Disadvantage: Less freedom, more expensive
Bit by Bit
Do the walk in sections. It's not always easy to take a few weeks off - so do the route in sections of 1 to 3 days. This means that you only need to either camp or B&B for a couple of nights at a time. It gives a chance to test fitness, boots, clothing and navigation and what a marvellous way to spend a weekend.
Advantage: Less time consuming and a chance to give it a go.
Disadvantage: You will get hooked, it will take over your life for the summer!
For only the hardiest outdoor type and very experienced fell runner - you could even try the Spine Race. It's billed as "Britain's Most Brutal Race" and involves an almost non stop run over a period of several days and nights.
And to make it more challenging it's done in the winter.
You can do the whole race or their version of a "fun run" which is a mere 100 miles!!
However you decide to do the Pennine Way, remember that it is a popular route so it is essential to book Bed and Breakfasts ahead, don't just expect to turn up and for them to have space.
Whether you are accustomed to rambling or this is your first hike, here are some tips to get you started on the Pennine Way:
Think about your fitness
If you are averagely fit, have no health issues and are carrying no injuries then you are fit enough. Test your fitness for the walk by doing easy flat walks of about 10 miles. Then do the same in the hills. If you decide to improve your fitness then give yourself plenty of time - a few months at least. Over training can lead to injury so take it slowly. You are always better off starting a bit less fit than you would have liked, but injury free. You'll be fit when you finish I guarantee!
Good footwear is essential
Never buy new boots just before you start! You need lightweight boots, trail walking shoes or fell running/walking shoes for the easy bits and slightly heavier, more supportive waterproof boots for the wet days. If you can't use two sets of boots then go for the mid-weight boots and make sure you dry them thoroughly each night. This is easy in B&Bs en route as they are well used to Pennine Way walkers. Oh and change your socks regularly - always keep a spare pair in your backpack.
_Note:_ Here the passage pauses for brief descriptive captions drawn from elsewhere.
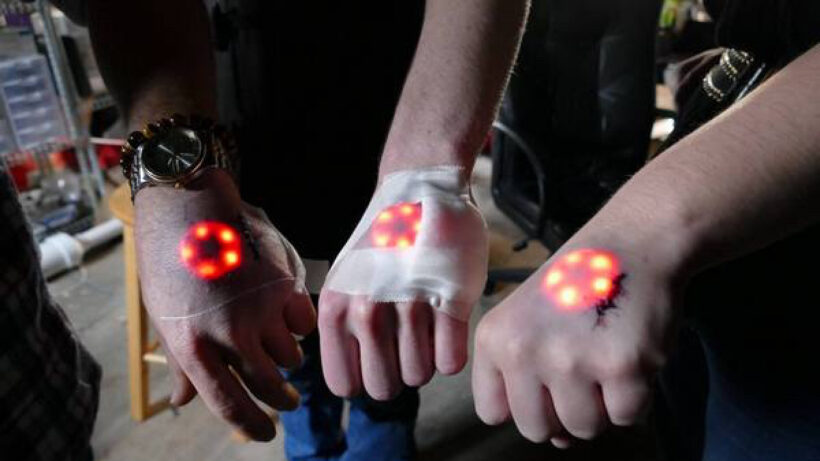 You can now watch grinders implant LEDs into their hands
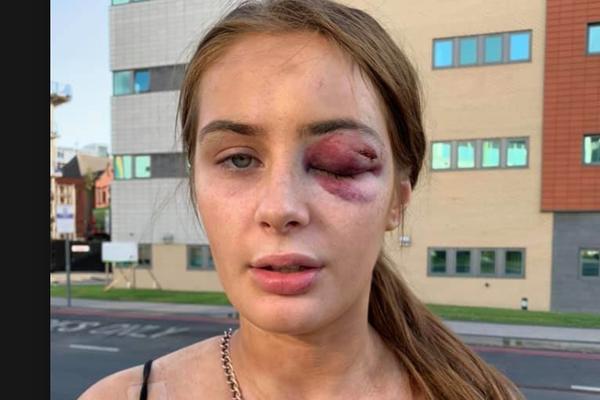 STUDENTKINJU PRETUKAO MANIJAK DOK SE VRAĆALA IZ KLUBA: Rekla mu je samo JEDNU REČENICU, a onda ju je KRVNIČKI NAPAO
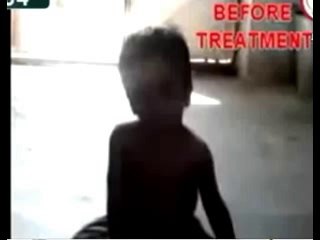 ضمور المخ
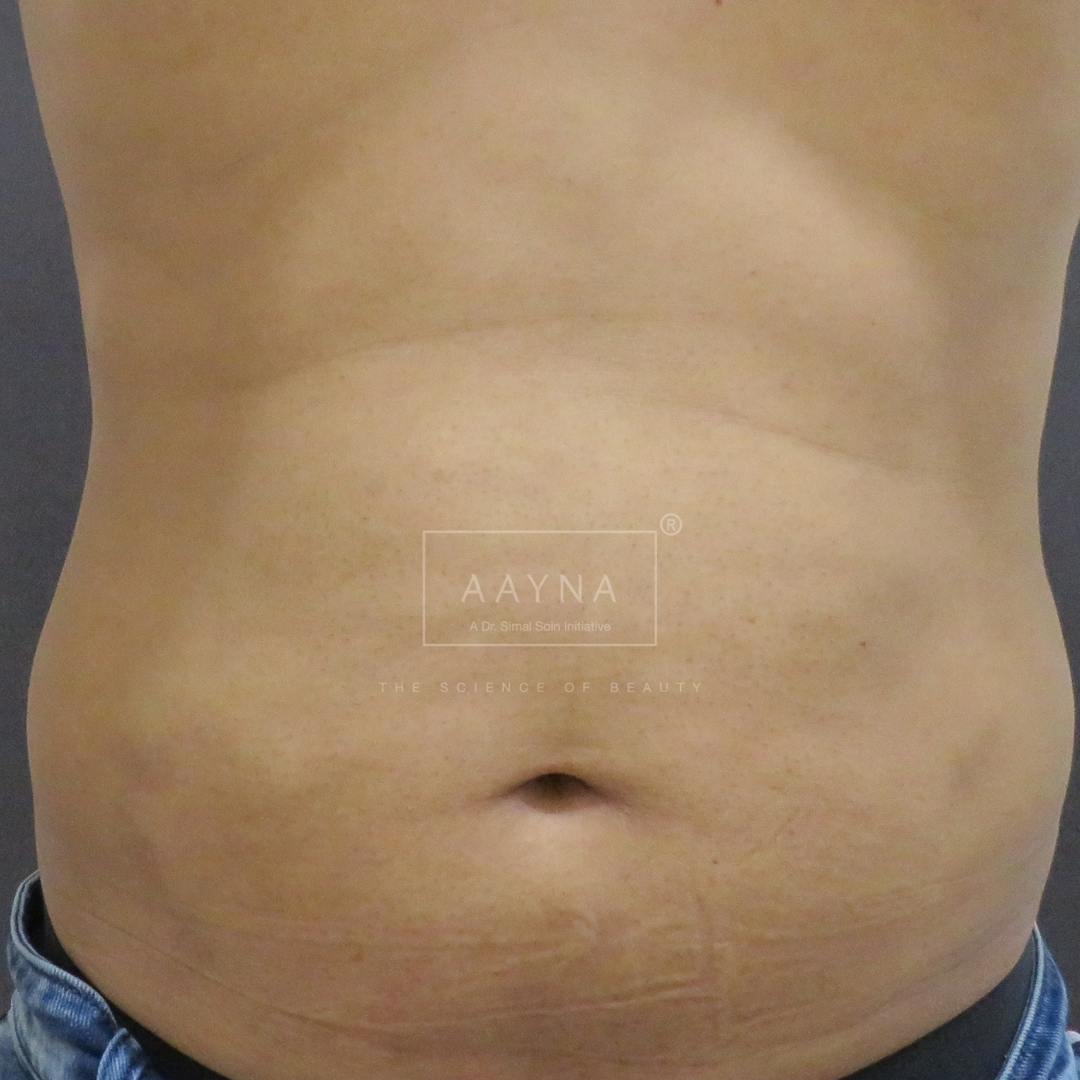 before-img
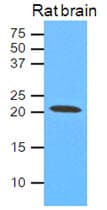 CAV1 / Caveolin 1 Antibody (clone AT4C1)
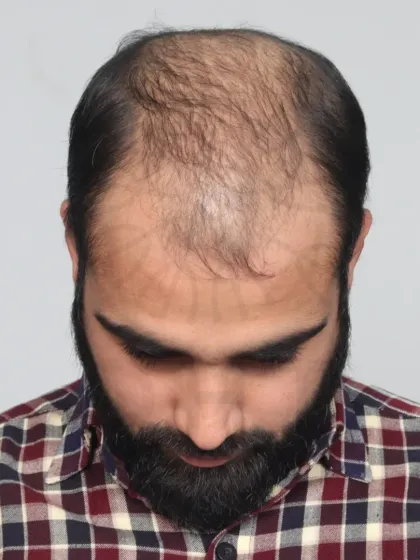 This is a 16-month result for a Grade 5A case, achieved with 5000 grafts. A true comeback story.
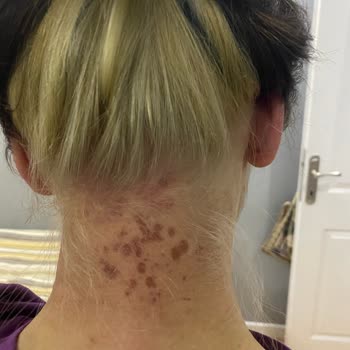 Saç Boyası Yanığı: Beklenmedik Tehlike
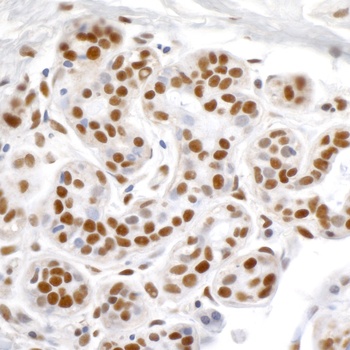 Rabbit KAP-1 Antibody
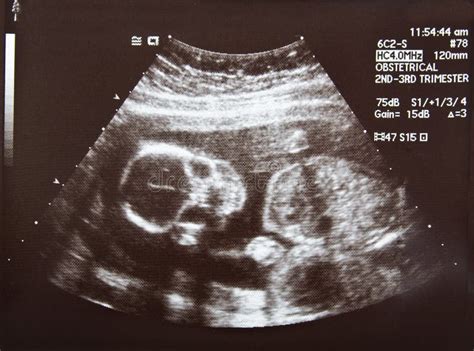 Ultraschallbild eines Fötus im zweiten Trimester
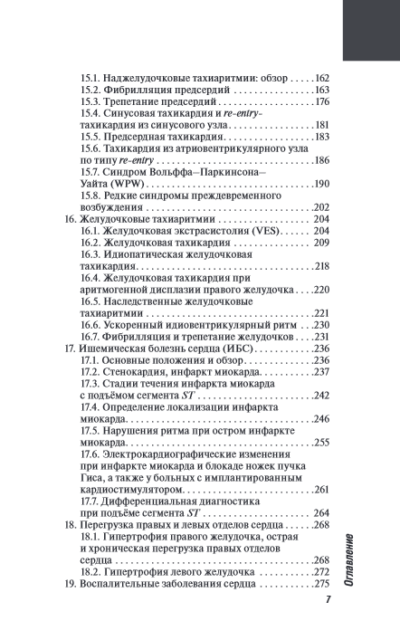 ЭКГ. Карманный справочник — изображение 4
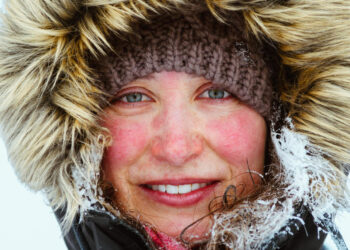 Soğuk Alerjisi Nedir?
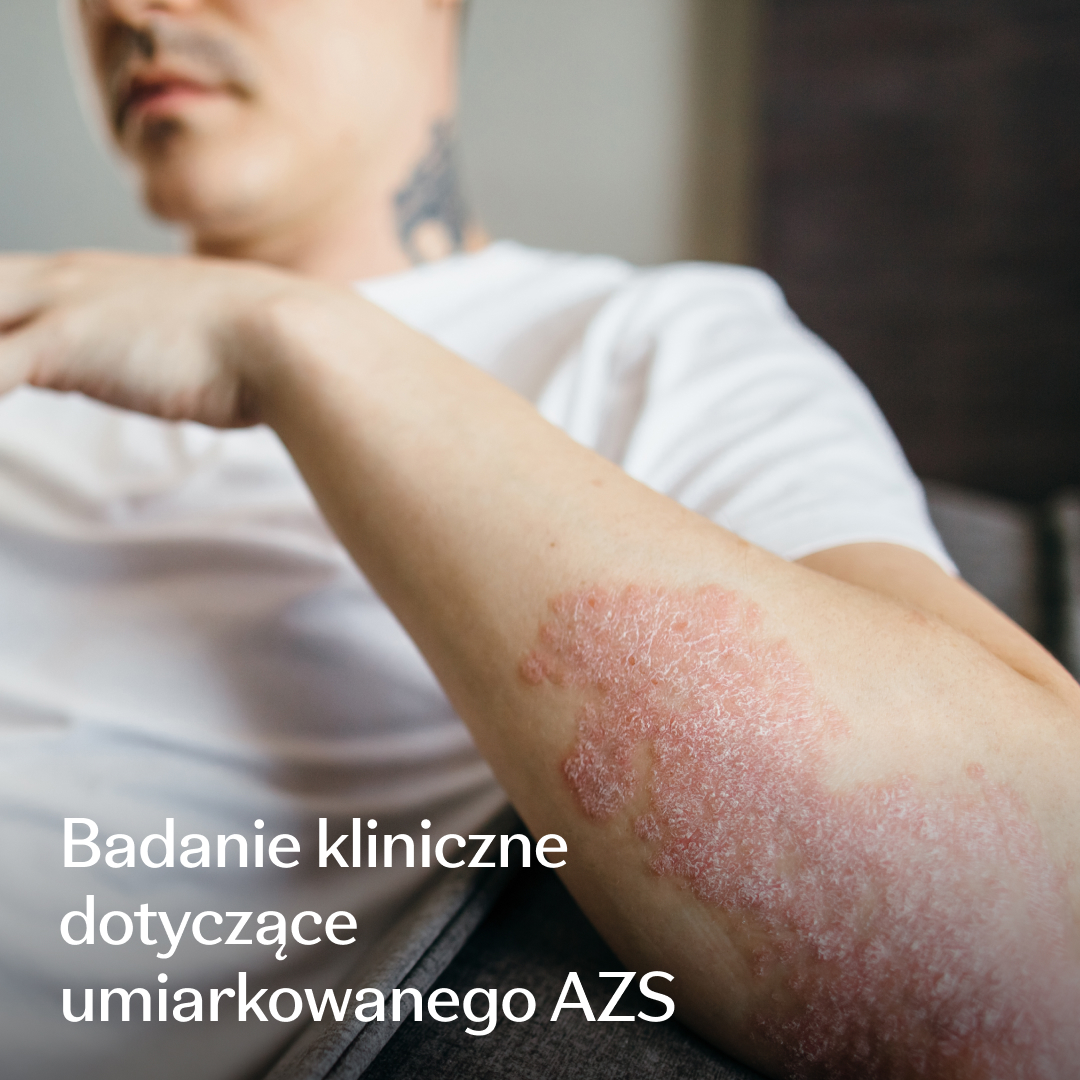 Eczema Research Study Facebook ad: Rozwój badań naukowych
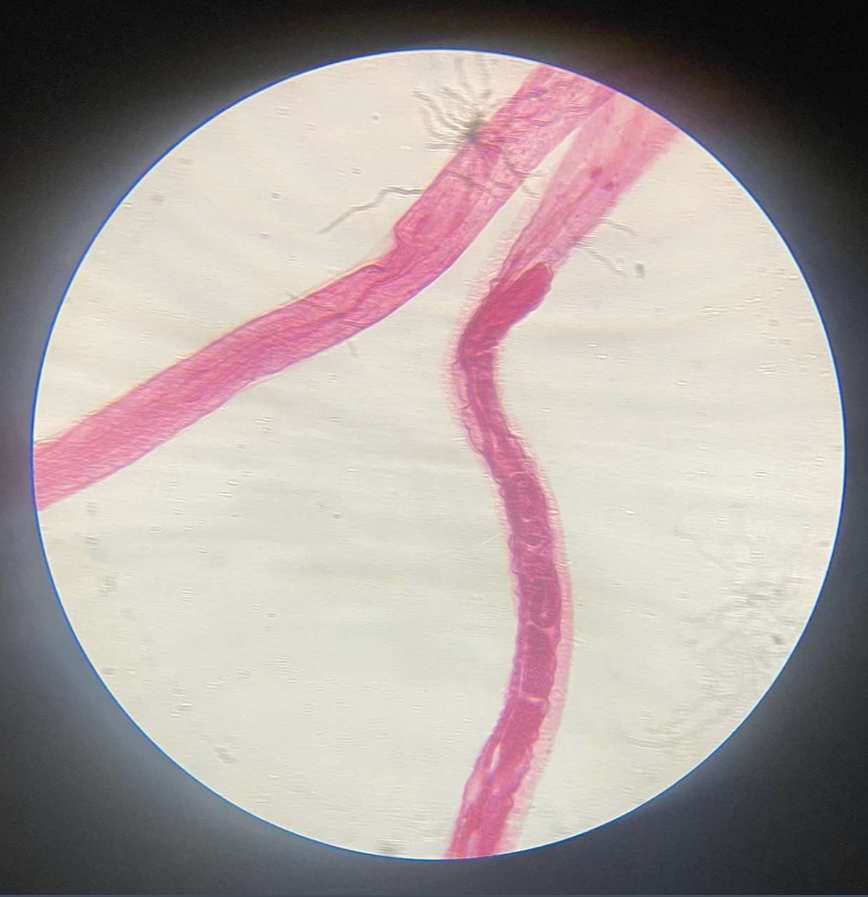 <p>vinegar eel; non-parasitic nematode found in native vinegar; ovoviviparous animal; female bigger than male; cylindrical body</p>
Remember the mantra - Layer, layer, layer. A thin layer of wool or man-made fibre next to the skin to 'wick' moisture away from your skin. On top of this a mid-weight or heavier layer for insulation. Wind protection should be a light weight wind-shell. Always carry a good breathable waterproof jacket with hood and trousers. And don't forget a hat - even in the summer! Gloves - depends on the season
It's essential to have good map reading skills and to be able to navigate accurately with a compass. If it's been a while since you did this then get out and practice. Handheld GPS's are much cheaper now and are easy to use - but you do have to learn how to use them and also to practice. To use a GPS safely you need to apply normal hill navigation skills to the GPS or you could end up trying to walk directly up a cliff, over a cliff, across a river ……..
Smart phones work well in some areas and you can use the GPS Apps with no problem - but remember there are big sections of the walk with no signal and you will be on your own.
Carry a first aid kit and know how to use it. There is no point in taking a huge one. It should contain:
Blister Plasters - the very best things for blisters
Band-aids of various sizes
Painkillers - aspirin, ibuprofen, paracetamol
Strapping tape for sprains and to hold down those band aids that won't stick
Any regularly taken medication
Mobile phones work well for sections of the walk, but there are long areas without any signal. So do carry a phone but don't rely on it too much. A battery pack charger or a second phone saves you being out of battery when you really need to make a call.
When to go
Anytime that you can make the time is the right time!
The long summer days take the pressure off as there is more daylight and of course it's warmer and, theoretically, drier.
Always carry: Compass, Map, Headlamp, Swiss Army knife
Nice to have: Guidebook
* Don't carry too much. Remember: Weight is the enemy.
My advice is to not spend too long planning - just put your boots on and go!"